#### What to work on:
Among the entries below, find the line with "Kahverengi Kanguru Cepli", then quote it and each following line up to and including the line with "Pair Art Pottery", and nothing else.

(Caption-style text data)

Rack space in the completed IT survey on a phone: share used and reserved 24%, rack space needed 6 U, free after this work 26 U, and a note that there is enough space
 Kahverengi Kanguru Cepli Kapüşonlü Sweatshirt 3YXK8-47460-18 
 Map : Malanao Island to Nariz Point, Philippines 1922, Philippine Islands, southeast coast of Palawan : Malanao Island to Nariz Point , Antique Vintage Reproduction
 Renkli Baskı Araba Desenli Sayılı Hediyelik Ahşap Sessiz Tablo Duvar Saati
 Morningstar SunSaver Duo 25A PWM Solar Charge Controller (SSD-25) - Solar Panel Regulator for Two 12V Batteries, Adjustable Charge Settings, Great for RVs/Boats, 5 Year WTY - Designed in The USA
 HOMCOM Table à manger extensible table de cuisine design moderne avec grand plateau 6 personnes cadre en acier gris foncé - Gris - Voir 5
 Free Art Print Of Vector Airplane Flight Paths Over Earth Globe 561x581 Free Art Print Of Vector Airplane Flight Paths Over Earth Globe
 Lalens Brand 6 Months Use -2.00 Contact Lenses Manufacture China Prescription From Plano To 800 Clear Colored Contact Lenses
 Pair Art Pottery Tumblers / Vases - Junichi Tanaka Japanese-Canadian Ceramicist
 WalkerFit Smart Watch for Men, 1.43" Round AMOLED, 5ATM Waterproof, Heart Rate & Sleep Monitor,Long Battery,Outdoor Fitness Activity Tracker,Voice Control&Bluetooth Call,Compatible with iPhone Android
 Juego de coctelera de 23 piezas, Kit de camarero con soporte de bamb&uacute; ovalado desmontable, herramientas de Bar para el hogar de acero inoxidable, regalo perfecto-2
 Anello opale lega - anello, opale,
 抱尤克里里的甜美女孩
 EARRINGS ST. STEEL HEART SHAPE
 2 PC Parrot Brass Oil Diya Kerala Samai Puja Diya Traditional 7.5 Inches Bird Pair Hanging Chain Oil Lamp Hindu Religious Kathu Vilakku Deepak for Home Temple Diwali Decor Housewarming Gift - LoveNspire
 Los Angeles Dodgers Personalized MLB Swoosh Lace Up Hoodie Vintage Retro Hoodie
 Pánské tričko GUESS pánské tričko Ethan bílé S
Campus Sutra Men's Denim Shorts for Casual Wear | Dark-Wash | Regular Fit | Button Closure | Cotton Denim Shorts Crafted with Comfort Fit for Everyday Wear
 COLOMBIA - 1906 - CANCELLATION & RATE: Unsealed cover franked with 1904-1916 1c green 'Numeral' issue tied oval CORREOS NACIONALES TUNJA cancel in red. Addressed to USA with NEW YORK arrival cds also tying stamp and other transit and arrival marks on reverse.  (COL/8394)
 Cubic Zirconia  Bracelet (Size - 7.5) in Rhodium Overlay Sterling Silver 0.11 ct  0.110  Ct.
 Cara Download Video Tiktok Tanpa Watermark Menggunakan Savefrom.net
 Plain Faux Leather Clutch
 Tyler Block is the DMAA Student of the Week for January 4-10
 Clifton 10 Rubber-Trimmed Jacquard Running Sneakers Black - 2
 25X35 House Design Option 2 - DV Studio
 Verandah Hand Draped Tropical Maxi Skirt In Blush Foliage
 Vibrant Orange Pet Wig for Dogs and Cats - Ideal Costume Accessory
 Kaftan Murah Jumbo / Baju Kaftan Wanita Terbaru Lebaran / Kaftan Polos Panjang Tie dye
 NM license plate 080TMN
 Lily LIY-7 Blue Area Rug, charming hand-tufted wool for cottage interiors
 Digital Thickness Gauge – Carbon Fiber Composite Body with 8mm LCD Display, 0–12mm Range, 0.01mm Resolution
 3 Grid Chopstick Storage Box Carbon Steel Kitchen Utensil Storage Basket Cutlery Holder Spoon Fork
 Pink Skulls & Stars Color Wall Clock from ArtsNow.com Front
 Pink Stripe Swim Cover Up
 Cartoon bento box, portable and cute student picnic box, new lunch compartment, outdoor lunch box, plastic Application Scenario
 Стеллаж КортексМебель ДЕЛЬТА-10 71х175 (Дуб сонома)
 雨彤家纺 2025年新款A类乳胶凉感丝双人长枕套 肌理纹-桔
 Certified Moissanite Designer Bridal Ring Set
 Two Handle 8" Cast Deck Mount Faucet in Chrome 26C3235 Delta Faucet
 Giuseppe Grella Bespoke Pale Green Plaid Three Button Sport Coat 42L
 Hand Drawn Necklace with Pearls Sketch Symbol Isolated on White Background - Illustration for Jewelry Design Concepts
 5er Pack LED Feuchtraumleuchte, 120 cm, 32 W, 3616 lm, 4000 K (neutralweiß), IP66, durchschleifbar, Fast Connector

#### Exercise solution:
 Kahverengi Kanguru Cepli Kapüşonlü Sweatshirt 3YXK8-47460-18 
 Map : Malanao Island to Nariz Point, Philippines 1922, Philippine Islands, southeast coast of Palawan : Malanao Island to Nariz Point , Antique Vintage Reproduction
 Renkli Baskı Araba Desenli Sayılı Hediyelik Ahşap Sessiz Tablo Duvar Saati
 Morningstar SunSaver Duo 25A PWM Solar Charge Controller (SSD-25) - Solar Panel Regulator for Two 12V Batteries, Adjustable Charge Settings, Great for RVs/Boats, 5 Year WTY - Designed in The USA
 HOMCOM Table à manger extensible table de cuisine design moderne avec grand plateau 6 personnes cadre en acier gris foncé - Gris - Voir 5
 Free Art Print Of Vector Airplane Flight Paths Over Earth Globe 561x581 Free Art Print Of Vector Airplane Flight Paths Over Earth Globe
 Lalens Brand 6 Months Use -2.00 Contact Lenses Manufacture China Prescription From Plano To 800 Clear Colored Contact Lenses
 Pair Art Pottery Tumblers / Vases - Junichi Tanaka Japanese-Canadian Ceramicist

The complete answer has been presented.